Close, but no cigar: Gary Cooper also came up with two ideas for the Maine State Quarter (above), one of a moose and Katahdin, another of Portland Head Light. The actual coin wound up depicting another lighthouse, Pemaquid Point Light. Courtesy of Gary Cooper.
A Belfast artist designs the U.S. Mint’s commemorative moon-landing coin.

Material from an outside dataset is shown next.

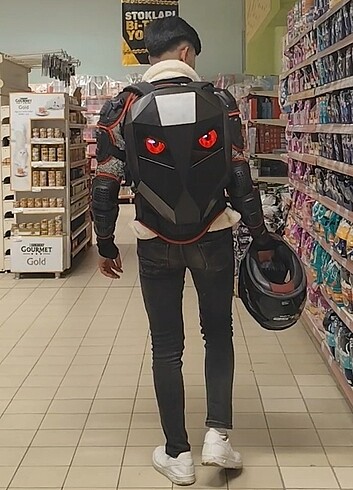 LED gözlü sırt çantası 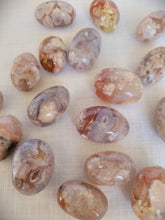 Load image into Gallery viewer, Flower Agate Tumble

As a kid at the beach, Gary Cooper had a knack for spotting loose change, which he’d exchange for ice cream and hot dogs. Soon, he was hooked, not on coins’ monetary value but on their history. A sculptor by trade, with several bronze-relief memorial plaques hanging in Maine’s State House, Cooper also has a serious collection of rare coins. And ever since high school, in the ’60s, he’s dreamed of designing them. Back then, he wrote the director of the U.S. Mint, to see if he could help with the Eisenhower dollar. The director politely declined. A few years back, he was runner-up in the Mint’s design contest for a Baseball Hall of Fame 75th-anniversary coin. In between, he pitched numerous other ideas. Then, for a coin to mark 50 years since the Apollo 11 moon landing, Cooper mocked up a footprint in moon dust, and for the first time, the Mint gave him the thumbs-up. His winning design, the artist says, was ultimately a no-brainer. “I recall seeing those first footprints, and it made so many people feel like that was their own footprint” he says. “I’ve never seen anything like that since.” Now, that image design will be on the flip side of commemorative $5, $1, and half-dollar coins. “I still don’t believe it,” Cooper says. “I was just keeping at it, loving it all the way, and then it finally happened.”